NewsTracker Answers for week of Oct. 15, 2018

Q: A Russian cosmonaut and a U.S. astronaut were safe after a Soyuz rocket bound for the International Space Station failed in mid-air two minutes after liftoff, leading to a dramatic emergency landing in Kazakhstan. Where is the Central Asian nation of Kazakstan?

Circle the area on this map


Q: The rocket failure triggered the emergency ejection of the crew capsule which landed a couple hundred miles from the Baikonur spaceport. The space launch facility in Kazakhstan is the world’s ...

A. Newest

B. Oldest


B. The Baikonur Cosmodrome is the world's first and largest operational spaceport. Both the first artificial satellite, Sputnik 1, and the first man in space, Yuri Gagarin, were launched from Baikonur. The facility was built by the old Soviet Union in the 1950s and is now leased to Russia by Kazakhstan’s government.
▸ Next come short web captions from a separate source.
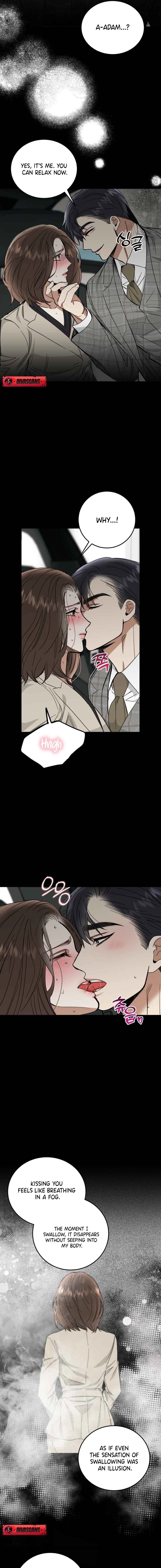 Absolute Advantage Chapter 46 - page 7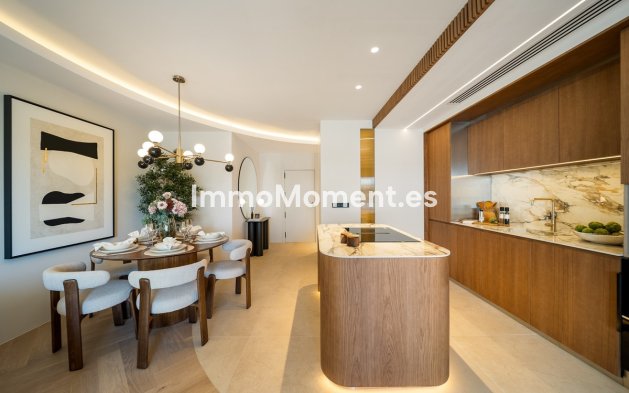 Resale - Apartment - Marbella - The Golden Mile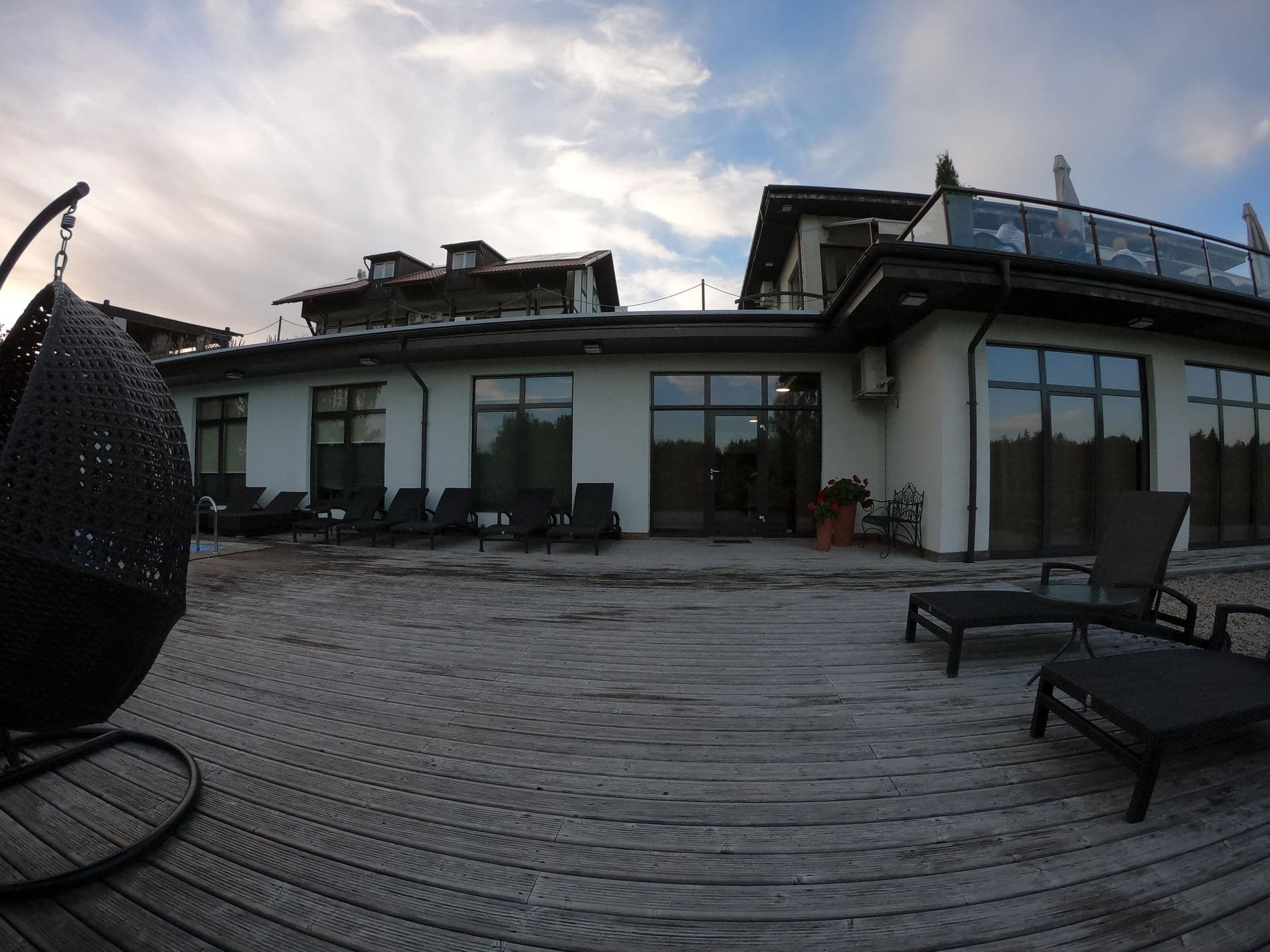 Street view near SPA viesnīca Ezeri, Sigulda — © richlv (CC BY-SA · Mapillary)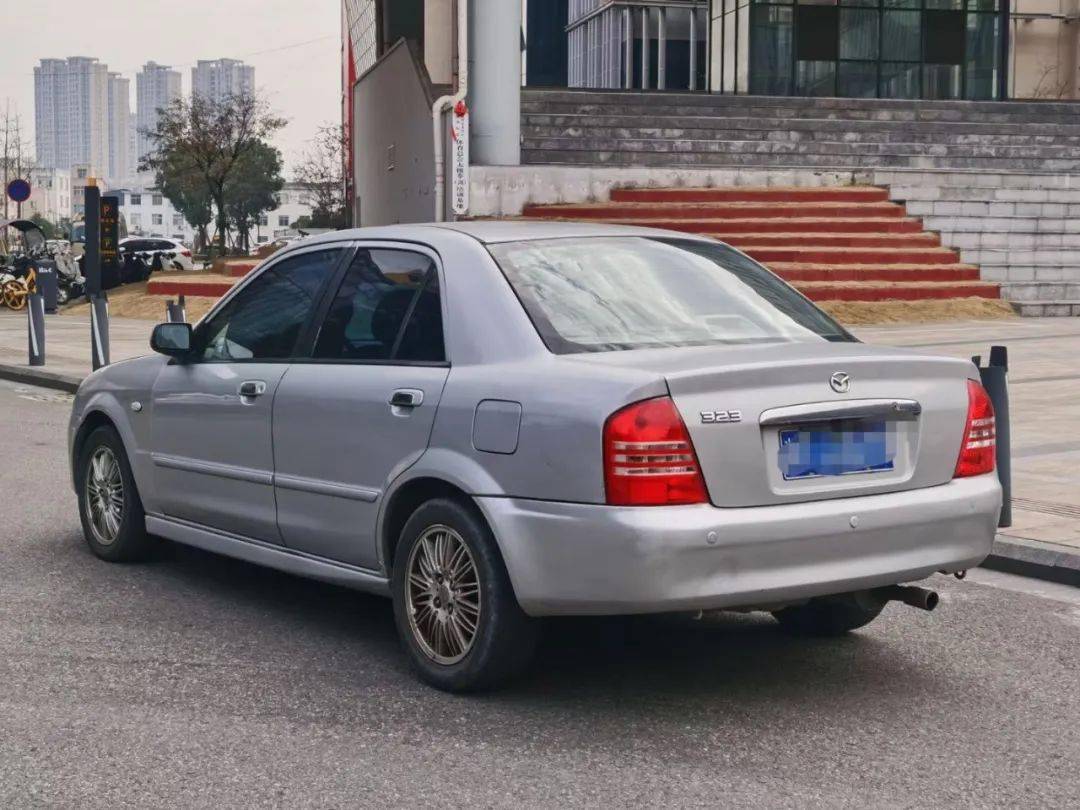 2006年海马323一手精品车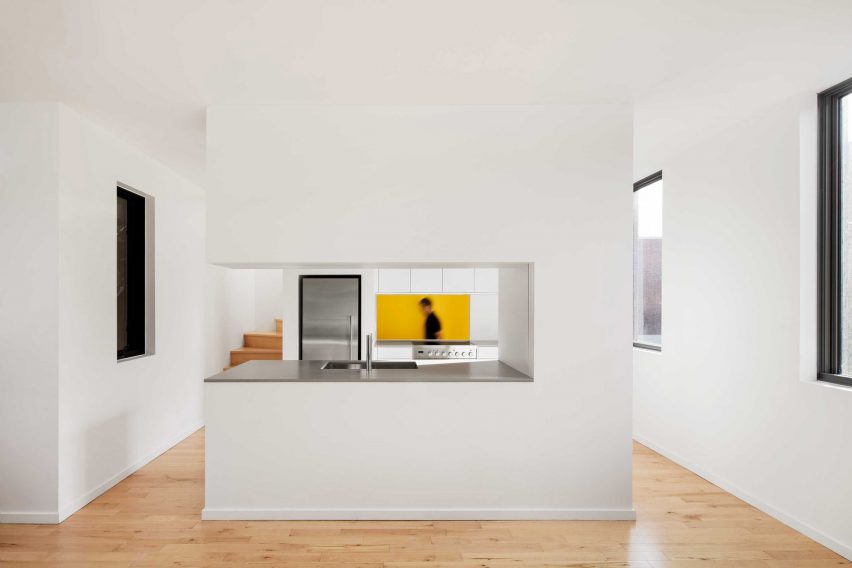 Dandurand residences by naturehumaine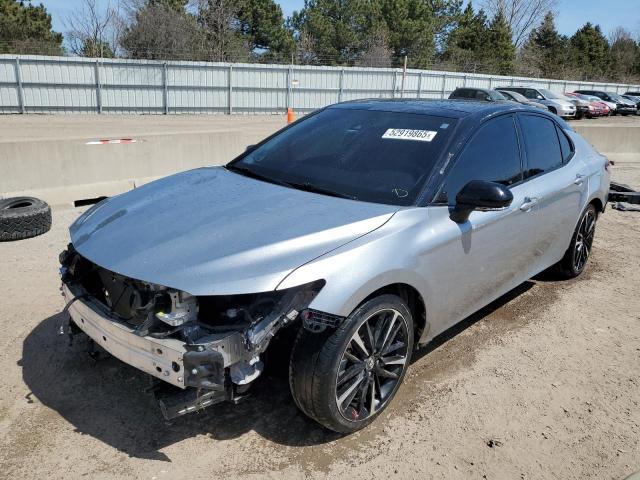 TOYOTA CAMRY TRD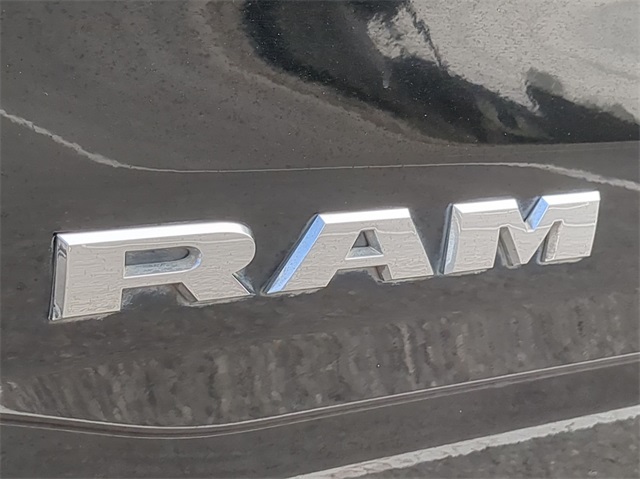 2021 RAM 1500 Big Horn 7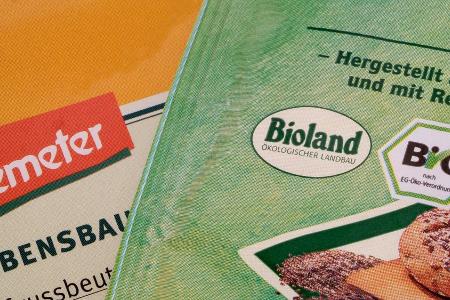 Bio-Siegel bei Lebensmitteln: Das sind die Unterschiede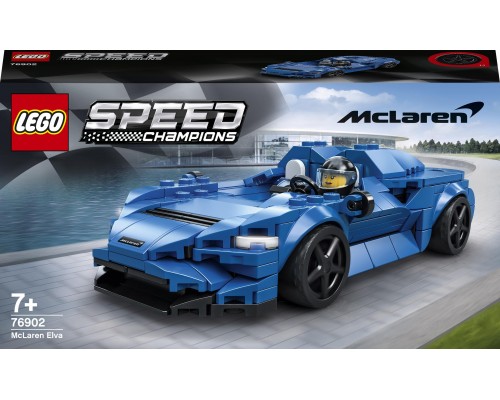 LEGO Speed Champions McLaren Elva (76902)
Q: Kazakhstan was the last of the Soviet Republics to declare independence during the breakup of the Russian-dominated Soviet Union in 1991. Which of Kazakhstan’s neighbors was NOT part of the Soviet Union?

A. China

B. Kyrgyzstan

C. Turkmenistan

D. Uzbekistan


A. While Soviet leaders backed the Communists who won China’s civil war in 1949, China remained independent, and the two nations became rivals and even fought each other in 1969 over a border dispute.


Q: Soviet officials originally chose Kazakhstan’s Baikonur as a launch site to test its intercontinental ballistic missiles because of its remote location ...

A. In the mountains

B. On the ocean

C. In the forest

D. On the steppe


D. Kazakhstan is in the heart of the Great Steppe, vast area of grassland that stretches from Romania and Moldova through Ukraine, Russia, Kazakhstan, Xinjiang, and Mongolia to Manchuria. A steppe is characterized by grassland plains without trees apart from those near rivers and lakes. The prairie of North America is an example of a steppe.


Q: Kazakhstan’s language and identity go back to the Kazakh Khanate, a remnant of the Mongol Empire that once ruled most of Asia and part of Europe. It was the second-largest empire in history. What was the largest empire?

A. British

B. Japanese

C. Roman

D. Russian


A. At its height in 1920, the British Empire controlled 23.84% of the world’s land area. The Mongols ruled 16.11% of the land in the 13th century, while the Russians controlled 15.31% in 1895, including what is now Kazakhstan.